Can you tell me a little bit about why you decided to pursue this story?
I think going in, I was aware of it as most Americans were, as this kind of dark story from our past. Looked at through a general kind of cultural lens, it seems somewhat inexplicable. There were these hippie kids, and while most of them were out enjoying themselves in Woodstock, these kids, indistinguishable from any other hippie you'd see on the street, were out committing the most brutal, grotesque murders. How could this happen? As I did more and more exploring, I think it became clear what actually happened in terms of his psychology, and the psychology of the people who followed him. And my goal in presenting it this way was to demystify the events.
By the end of the series, I think people will gain an understanding of what was going on in Charlie's head, what was going on in his accomplices' heads, and how he overrode whatever moral compasses they would've had. Charlie was clearly a sociopath and, I believe, was showing these kinds of behaviors at a very, very early age. I don't think that's necessarily true of the kids that went out and committed these murders.
How do you feel like Manson’s youth ended up defining this man and this crime?
Charlie was essentially kind of a run-of-the-mill sociopath. Born in any other time and any other place, he would've lived out his life in obscurity. He may not have committed any serious offenses. His goal in life was to be a pimp. He spent most of his time stealing cars and committing armed robberies. No one was ever shot.
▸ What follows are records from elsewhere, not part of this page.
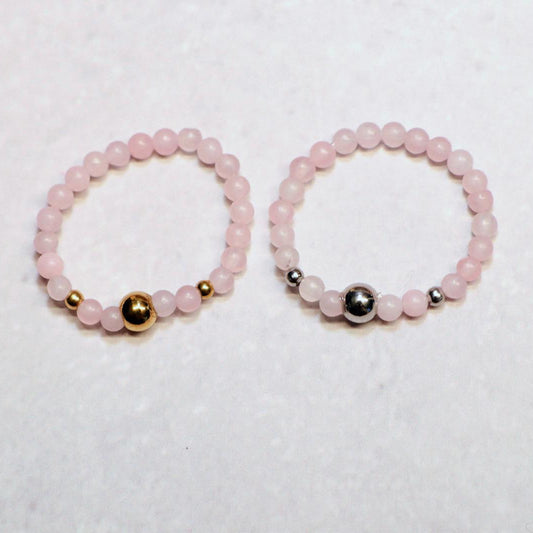 METALSHINE PINK | Rozenkwarts ring | Zilverkleurig | One size
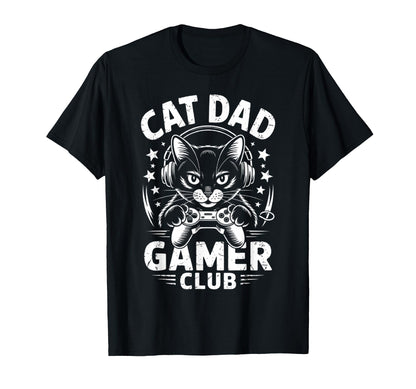 Funny Cat Dad Gamer Club Him Video T-Shirt - Minimalist Print for Adults - T-Shirt, Sweatshirt, Hoodie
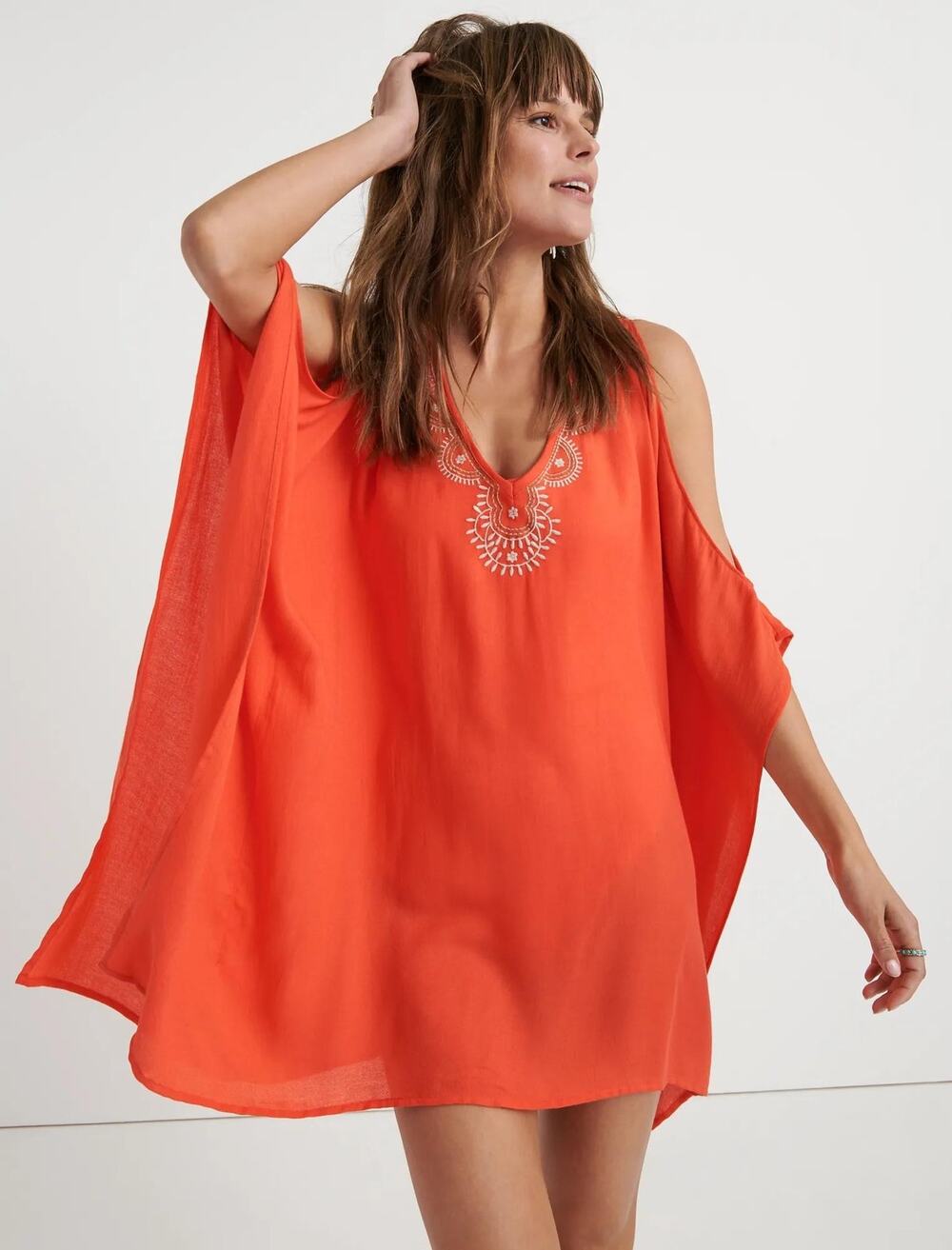 Lucky Brand La Quinta Embroidered Cold Shoulder Tunic Top Orange Small S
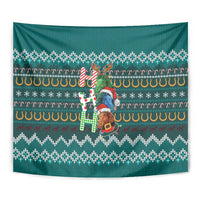 Horse Ho Ho Ho Christmas Design Tapestry Funny Xmas Holiday Patterns - Wonder Print Shop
But he had a natural ability to con people. He was manipulative as far back as we can look in his personal history. He would paint verbal pictures that would suck people in. Even when he was a little kid, his relatives — his cousin, his aunt and uncle — already sensed his ability to manipulate.
And when he found himself in San Francisco in 1967, the so-called Summer of Love, he had a willing population of young seekers. There were gurus on every corner. And what Charlie did is he would take these cultural threads, these philosophies — frankly, they were pretty shallow philosophies — that all had similar themes about love and giving up your ego and your past. And if you present these kinds of ideas to a naive audience, they sound original or profound.
It's not hard to see how an experienced older con man could manipulate these kids by using these cultural threads that were just in the era of the time. These gathered these kids around him.
Yeah, can you talk a little bit more about that? How the period itself affected this crime and the reaction to it?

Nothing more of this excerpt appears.